The agreement would reopen the Strait of Hormuz and extend a ceasefire for 60 days, allowing negotiations on issues such as Iran’s nuclear programme and sanctions.
Nearly four months after the US and Israel launched strikes at Iran, Trump and Iranian officials had earlier said a memorandum of understanding had been agreed and the blocked Strait could open up as soon as Friday.
However, Israel’s withdrawal from Lebanon is not a condition of the deal being signed between Tehran and Washington, a senior White House official has said.
If Iran is unable to control Hezbollah and prevent it from launching attacks on northern Israel, the Israeli army will have the right to respond, the official said.
Iran’s foreign ministry spokesperson Esmaeil Baghaei previously insisted that Lebanon remained “an integral part of the agreement to end the war with the US”, adding that the agreed draft agreement called for an end to the war on all fronts.

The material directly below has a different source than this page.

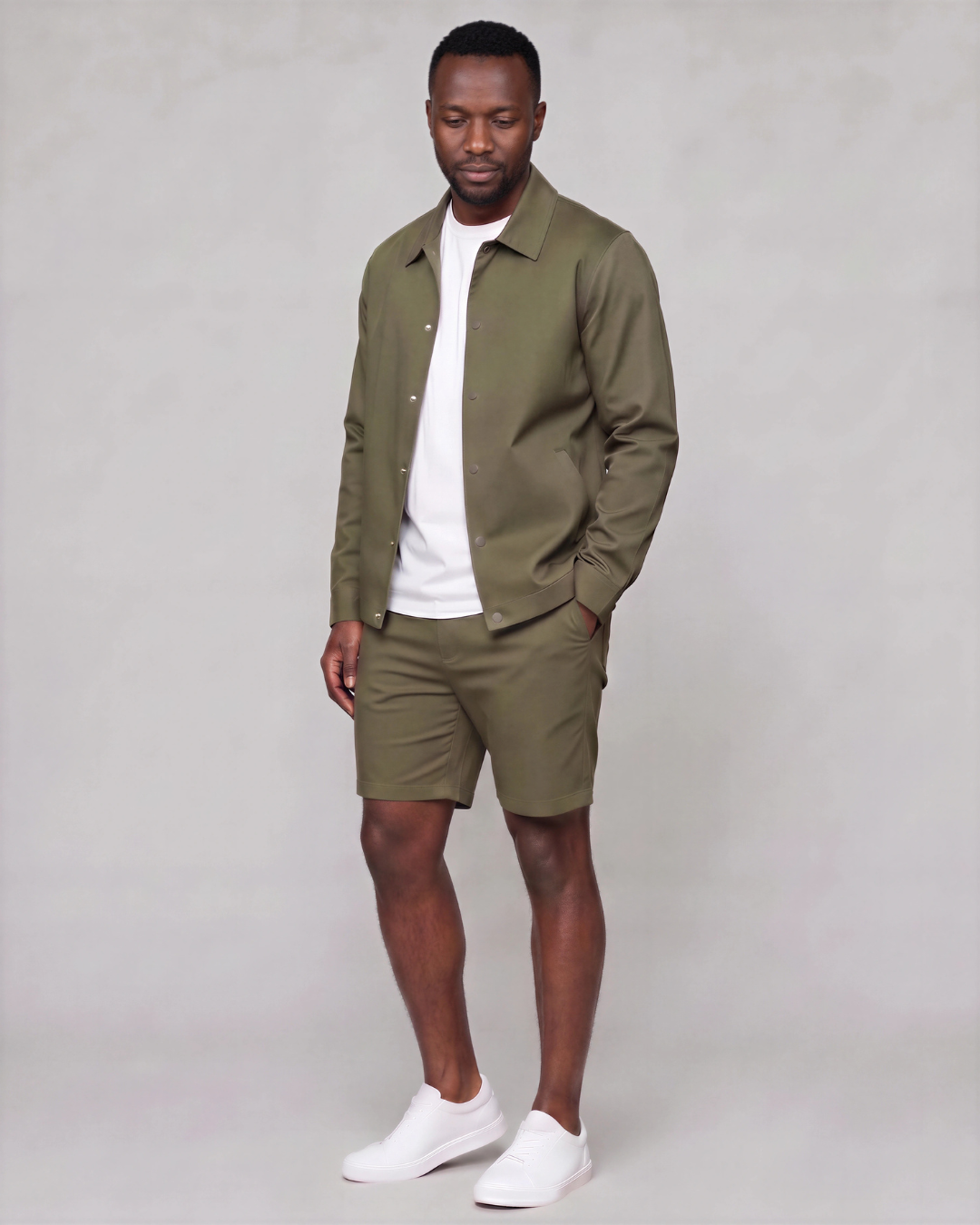 Men's Coach Jacket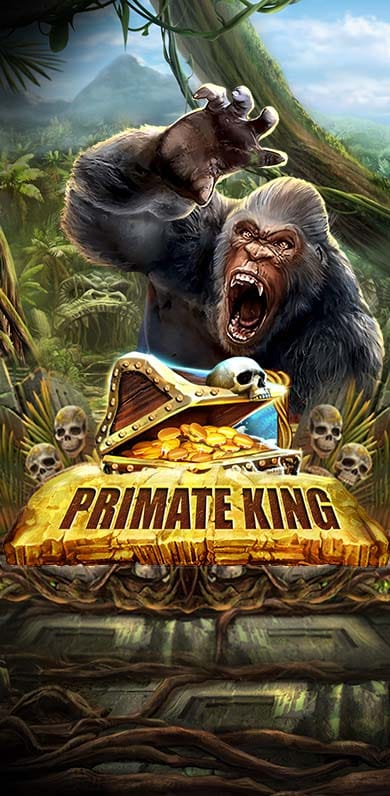 Primate King in IT_Jackpot Giornaliero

But Israeli prime minister Benjamin Netanyahu, whose country was not part of the US-Iranian agreement, said that Israel would keep its forces in southern Lebanon and would retain the right to respond to Hezbollah attacks.
“Iran wanted us to withdraw from it, but I stood firm,” he said at a news conference on Monday, where he acknowledged that he and Trump have had their differences over the conflict.
Netanyahu said he and Trump “don’t always see eye-to-eye” after the US president had earlier described his Israeli counterpart as a “very difficult guy” who should be “very thankful”.
Israeli defence minister Israel Katz had earlier said its military would remain in Lebanon “without any time limit”, putting it on a collision course with the US ahead of its sensitive talks with Iran.
And Israel’s hawkish national security minister Itamar Ben-Gvir insisted on Monday that his country “must not compromise on anything less than the dismantling of Hezbollah” or withdraw from captured territory.
One senior Israeli official told Reuters on condition of anonymity that the agreement was “terrible for Israel”, an assessment they indicated was shared throughout the government from Netanyahu down.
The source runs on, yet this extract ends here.